Ana içeriğe atla

Taşeron sistem: İş kazalarının gölgesinde Türkiye

Son beş yılda her yıl yaklaşık 2 bin işçi iş kazalarında yaşamını yitirdi. İş kazalarına en çok maruz kalan grup olan taşeron işçiler, inşaat sektörünün karanlık yüzünü DW Türkçe'ye anlattı.


1987’den beri her yıl 4-10 Mayıs tarihleri arasında düzenlenen İş Sağlığı ve Güvenliği Haftası, Türkiye’de bu yıl da iş kazalarının gölgesinde geçti. İşçi ölümlerini veriye döken İşçi Sağlığı ve İş Güvenliği Meclisi’ne göre son 5 yılda her yıl yaklaşık 2 bin işçi, iş kazalarında yaşamını yitirdi. Kayıt dışı çalışanlar ise bu rakama dahil değil.
Yüksekten düşme, en fazla yaşanan iş kazalarından biri. Ezilme, göçük, trafik /servis kazası, kalp krizi, beyin kanaması, elektrik çarpması ve zehirlenme işçi ölümlerinde en fazla karşılaşılan diğer nedenler. İş kazalarında en fazla inşaat, tarım , madencilik sektörleri öne çıkıyor.
15 yaşında inşaatlarda çalışmaya başlayan Selim Ateş de Rize’de bir inşaatın beşinci katından düşmüş. Ateş, üniversite sınavını kazandığını öğrendikten bir gün sonra yaşadığı kazayı şöyle anlatıyor: "Güvenlik ya da herhangi bir koruma olmadığı için 5. kattaki asansör boşluğundan aşağı düştüm. Kendime geldiğimde ayağa kalkmaya çalıştım. Tabii haliyle kalkamadım. Belim kırılmıştı. Kaburgalarım, bacağım, kolum ve parmaklarım kırılmıştı."
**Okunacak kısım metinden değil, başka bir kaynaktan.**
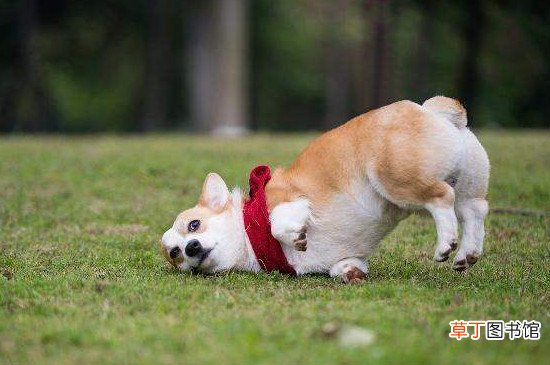 柯基凶吗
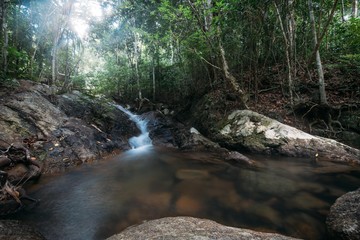Naklejka na ściany i meble Mountain stream in the rainforest.
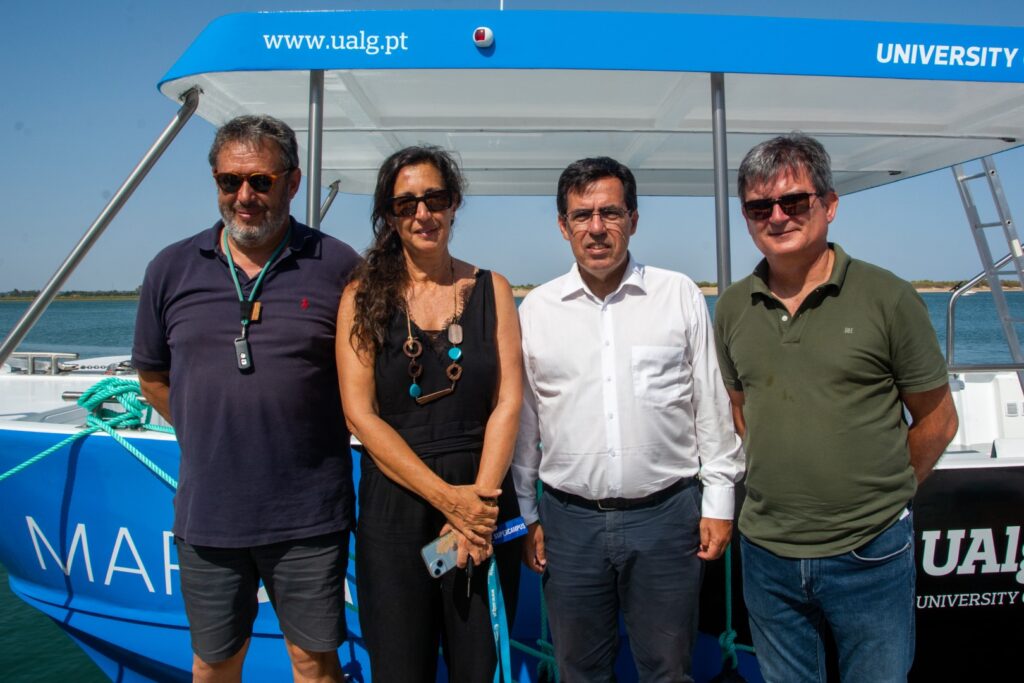 Sul Informação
İnşaat sektöründe ciddi bir bilinç boşluğu olduğunu kaydeden Ateş, "Birçok inşaat işçisi şu anda kendi çalışma koşullarını normal olarak görüyor. Ama aslında hiç normal bir koşulda çalışmıyorlar" diyor. Şu an bilgisayar mühendisi olan Ateş, belinde 8 platinle hayatına devam ediyor ve kendi yaşadıklarını yaşamasınlar diye inşaat işçilerine gönüllü destek veriyor. 
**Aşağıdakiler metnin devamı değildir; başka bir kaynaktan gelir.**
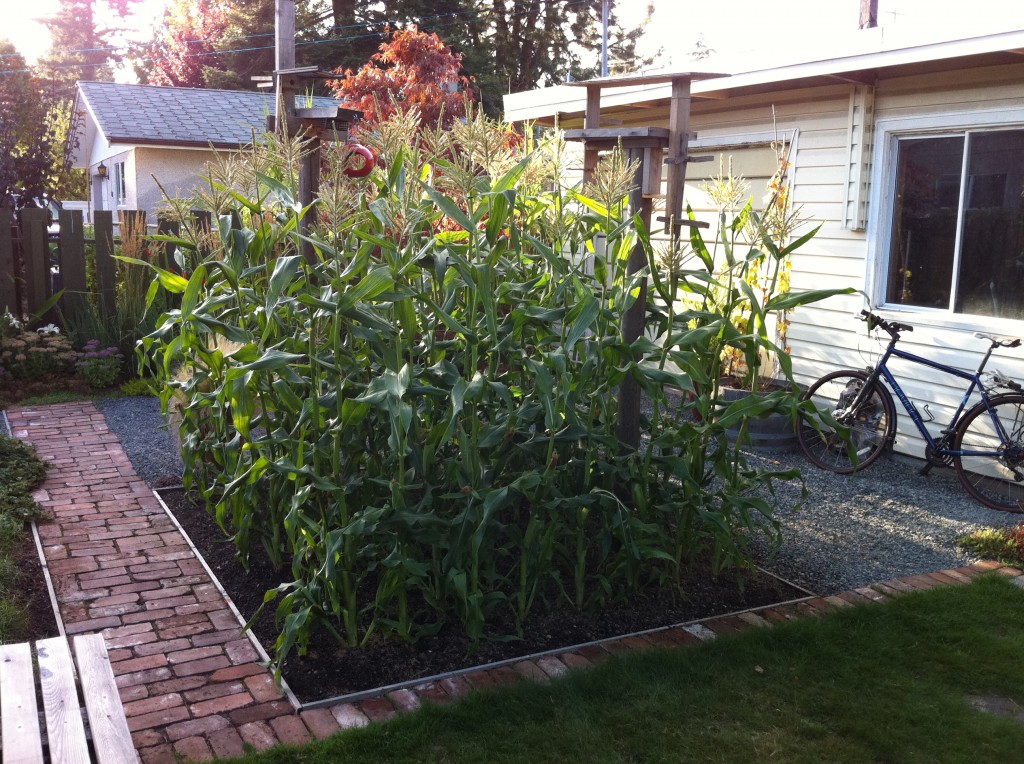 edible landscaping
Taşeron işçilerin çalışma koşulları
İş kazalarına en çok maruz kalanlar ise taşeron işçiler. En uzun çalışma saatlerine sahip olup en az kazananlar da. İşçiler, taşeron firmaların daha fazla kâr uğruna iş güvenliğini yok saydığına dikkat çekiyor. İnşaat işçisi ve Dev Yapı İş Sendikası Genel Başkanı Özgür Karabulut, çalışma koşullarını şöyle özetliyor: "Taşeron firma daha fazla kâr etmek için işçiyi çalıştırabildiği kadar çalıştırıyor. Yattığımız yerler yer değil, yediğimiz yemek yemek değil. Barınma koşulu işte yemek koşulları son derece sağlıksız."
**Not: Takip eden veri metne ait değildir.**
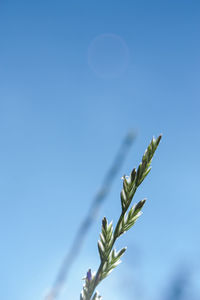 Low angle view of flowering plant against blue sky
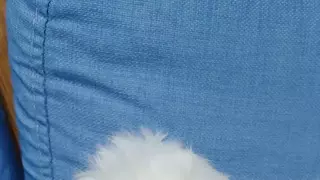 ㅇㅈ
Büyük şehirlerdeki mega projeler, üretim baskısı nedeniyle bir yandan hızlı, diğer yandan güvencesiz çalışmayı artırdı. Geçen yıl en fazla işçi ölümünün yaşandığı kent, İstanbul oldu. 2018'de sadece İstanbul’da 226 işçi iş kazasında hayatını kaybetti. İstanbul'u Kocaeli, Manisa ve Bursa takip etti.
Üçüncü havalimanı işçileri
Geçen yıl işçilerin çalışma koşulları nedeniyle gündeme gelen büyük projelerden biri de 3. havalimanı inşaatı olmuştu. Bu koşulları protesto eden 600 işçi gözaltına alınmış, 31 işçi tutuklanmıştı. Dev Yapı İş Genel Başkanı Özgür Karabulut bu isimlerden biri. İki ay cezaevinde kalan ve şu an tutuksuz yargılanan Karabulut’a göre ölümler büyük projelerde bir maliyet kalemi olarak görülüyor. Sendikacı Karabulut, işveren için "Oysa buraya harcayacağınız kan parasını, tazminatları hesap edeceğinize bir tane işçi ölmesin, yaralanmasın diye bir hesaplama yapsanız, toplu işçi sağlığı, iş güvenliği önlemi alsanız bu maliyete gerek kalmaz" diye konuşuyor.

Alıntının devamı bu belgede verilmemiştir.